Actually, no - the print resolution, the size of the printable area and the diameter of the printer nozzle impose restrictions on the size of the parts. Also, the part must have a flat base, otherwise it will quickly peel off the surface of the work platform.

Easy to seal prefabs.

A nut that is screwed onto a bolt can actually be printed, but not on a home printer. This requires a higher precision that only expensive equipment provides.

You can create a multi-colored object on the printer.Manufacturers are working on this, but this has not yet been implemented on budget printers. Multi-color (two or more colors) printing requires multiple printheads.

3D-printed models are very fragile.

Yes, they will be more malleable than cast ones, but strong enough for everyday use. It all depends on where the force will be applied: along or across the fibers (as in wood).

Printing is easy - plug in the printer and go!

Wait, first you have to calibrate it, adjust the settings and figure out the controls. Even after that, it may take several weeks before you learn to print neat models.

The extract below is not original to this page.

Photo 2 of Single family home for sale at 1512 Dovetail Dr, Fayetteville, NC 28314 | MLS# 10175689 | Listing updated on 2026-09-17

If you want to buy a 3D printer for your home, you will have to find the right model, learn how to set it up, understand the software, and find quality printing materials. But, we are sure, the result will please you: you can print plastic dishes and other household utensils, hair accessories, various storage containers, baby and stationery - almost anything that can be made of plastic. Or you can go even further and learn how 3D printers are used in the military and space industries, in research and education, in the production of electronics and the arts. But that's a completely different story.